NEW YORK - In-hospital mortality and bleeding rates after catheter-directed thrombolysis (CDT) of lower extremity proximal deep vein thrombosis are lower in institutions that perform more procedures than in those with fewer procedures, according to a new study.

"As utilization of CDT continues to increase, we propose that institutions follow a standardized CDT protocol that includes careful patient selection as well as patient monitoring," Dr. Riyaz Bashir from Temple University School of Medicine in Philadelphia, Pennsylvania, told Reuters Health by email. "In addition, establishment of centers of excellence in treating venous thromboembolic disease may provide the necessary framework within which bleeding risk to the patient can be minimized."

CDT is increasingly favored over anticoagulation for patients with lower extremity proximal deep vein thrombosis (LE-DVT), but it has been associated with increased bleeding rates and procedure-related complications, Dr. Bashir and colleagues note in Circulation, online July 21.

In light of literature implicating institutional volume as a significant factor in patient outcomes, the team used the Nationwide Inpatient Sample database to investigate the relationship between annual institutional procedure volume and adverse in-hospital patient outcomes in patients receiving CDT for acute proximal LE-DVT.

Just over half the 3,649 procedures were performed at high-volume centers (six or more procedures per year), with the remainder (43%) done at low-volume centers (less than six procedures per year).

In a propensity-matched comparison of 1,310 patients from each group, in-hospital mortality was significantly lower at high-volume centers than at low-volume centers (0.6% vs. 1.5%, p=0.04), the researchers found.

Intracranial hemorrhage rates tended to be lower at high-volume centers (0.4% vs. 1.0%, p=0.07), while inferior vena cava filter placement rates were significantly higher at high-volume centers (37.0% vs. 32.8%; p=0.03).

Institutional volume did not influence blood transfusion, GI bleeding, or pulmonary embolism rates or hospital length of stay. Median hospital charges were higher at high-volume centers ($75,870) than at low-volume centers ($65,500).

At low-volume centers, outcomes tended to be worse for CDT plus anticoagulation than for anticoagulation alone, whereas outcomes were similar for CDT plus anticoagulation and for anticoagulation alone at high-volume centers.
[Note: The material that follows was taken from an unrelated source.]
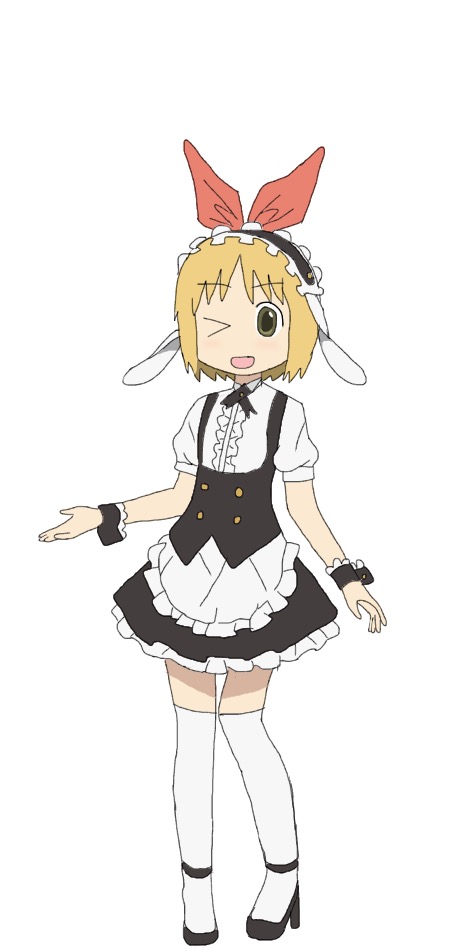 kirima syaro and annaka haruna (gochuumon wa usagi desu ka? and 1 more) drawn by saban_(akkun-ucchii)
On multiple regression analysis, there was a significant inverse relationship between institutional volume and in-hospital mortality.

"Our observation that the major safety outcomes (death and intracranial hemorrhage) were not significantly different between patients undergoing CDT as compared to patients undergoing anticoagulation therapy alone at high volume centers suggests that these complications can be minimized," Dr. Bashir concluded. "Patients with leg DVT - especially young patients - should feel comfortable considering clot removal, particularly at a high volume center, as a viable option to prevent post-thrombotic syndrome."